Ditandaskan pula, sesuai dengan Perpres (Peraturan Presiden) Nomor 54 Tahun 2010 dan Perubahannya, PPHP harus memiliki integritas serta disiplin dan tanggung jawab yang tinggi, dalam melaksanakan tugas dan memahami isi kontrak. Selain itu, juga harus memiliki kualifikasi teknis dan menandatangani pakta integritas, serta tidak menjabat sebagai PPSPM (Pejabat Penandatangan Surat Perintah Membayar) atau Bendahara. Lebih lanjut Walikota Sukabumi menandaskan, apabila terdapat keterbatasan personil, perlu dilakukan langkah analisis tindak lanjut, seperti menugaskan Tim Teknis, menggunaan SDM (Sumber Daya Manusia) dari luar instansi yang kompeten, serta penggunaan uji laboratorium dan pemanfaatan data sekunder konsultan pengawas.

Disamping itu juga ditandaskan, untuk mengantisipasi dan mencegah terjadinya permasalahan dari ranah hukum karena permasalahan pada tahapan pemeriksaan dan penerimaan hasil pekerjaan karena lemahnya pemahaman para pihak akan fungsi tahapan ini, para PPHP harus memperhatikan beberapa hal. Diantaranya harus dapat memahami tugas dan dapat mengendalikan intervensi yang menyimpang, serta tanggung jawb yang diberikan berdasarkan penugasan, khususnya yang sudah dilaksanakan harus ditulis dalam kertas kerja dan simpan dengan baik. Demikian pula dokumen yang diterima harus disimpan dan diterbitkan dengan baik, untuk hindari terjadinya fiktif dan rekayasa negatif. Yang tidak kalah penting, juga harus melaksanakan pendapat pihak yang akhli, khususnya pada saat membuat keputusan teknis yang tidak dipahami, serta harus dapat memahami, bahwa tugas PPHP ini adalah ibadah.

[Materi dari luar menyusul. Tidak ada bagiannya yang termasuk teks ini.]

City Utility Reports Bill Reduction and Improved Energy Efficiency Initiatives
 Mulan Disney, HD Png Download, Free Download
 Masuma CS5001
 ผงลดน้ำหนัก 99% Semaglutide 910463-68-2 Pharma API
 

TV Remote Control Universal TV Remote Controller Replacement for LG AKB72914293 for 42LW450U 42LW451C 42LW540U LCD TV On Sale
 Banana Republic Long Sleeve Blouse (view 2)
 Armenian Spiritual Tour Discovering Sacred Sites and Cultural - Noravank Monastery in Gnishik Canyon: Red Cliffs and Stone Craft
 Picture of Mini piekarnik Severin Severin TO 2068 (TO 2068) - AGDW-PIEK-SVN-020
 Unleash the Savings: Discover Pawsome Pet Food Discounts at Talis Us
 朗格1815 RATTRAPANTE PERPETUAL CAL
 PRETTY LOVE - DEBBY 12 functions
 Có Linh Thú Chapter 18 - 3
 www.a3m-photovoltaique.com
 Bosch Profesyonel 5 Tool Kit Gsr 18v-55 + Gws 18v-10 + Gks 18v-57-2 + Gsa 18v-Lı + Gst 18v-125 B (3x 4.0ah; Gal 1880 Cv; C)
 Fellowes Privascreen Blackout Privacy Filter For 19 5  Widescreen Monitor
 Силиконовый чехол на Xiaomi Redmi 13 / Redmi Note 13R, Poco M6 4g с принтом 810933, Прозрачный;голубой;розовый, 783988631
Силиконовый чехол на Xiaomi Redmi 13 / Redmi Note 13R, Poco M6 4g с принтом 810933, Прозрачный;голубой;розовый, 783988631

Sementara Asisten Perekonomian dan Pembangunan Setda Kota Sukabumi, H. Deden Solehudin, S.Ag., M.M., selaku Ketua Panitia Penyelenggara menjelaskan, Bimtek Pemeriksaan dan Penerimaan Hasil Pekerjaan Pengadaan Barjas Pemerintah Tahun 2017 ini, diikuti oleh 150 orang PPHP dari setiap SKPD (Satuan Kerja Perangkat Daerah) dan Tim Teknis terkait, dengan mengambil tema, Tertib Pemeriksaan dan Penerimaan Hasil Pekerjaan Pengadaan Barang dan Jasa Pemerintah, untuk Hasil Pembangunan yang Berkualitas di Kota Sukabumi. Sedangkan maksud dan tujuan dilaksanakannya Bimtek Pemeriksaan dan Penerimaan Hasil Pekerjaan Pengadaan Barjas Pemerintah Tahun 2017 ini, diantaranya untuk meningkatkan pengetahuan pelaksanan pengadaan Barjas Pemerintah, khususnya dalam hal strategi pemeriksaan dan penerimaan hasil pekerjaan pengadaan Barjas Pemerintah, memberikan wawasan teoritis dan filosofis tentang strategi pemeriksaan dan penerimaan hasil pekerjaan pengadaan Barjas Pemerintah, serta memperdalam kemampuan teknis praktis.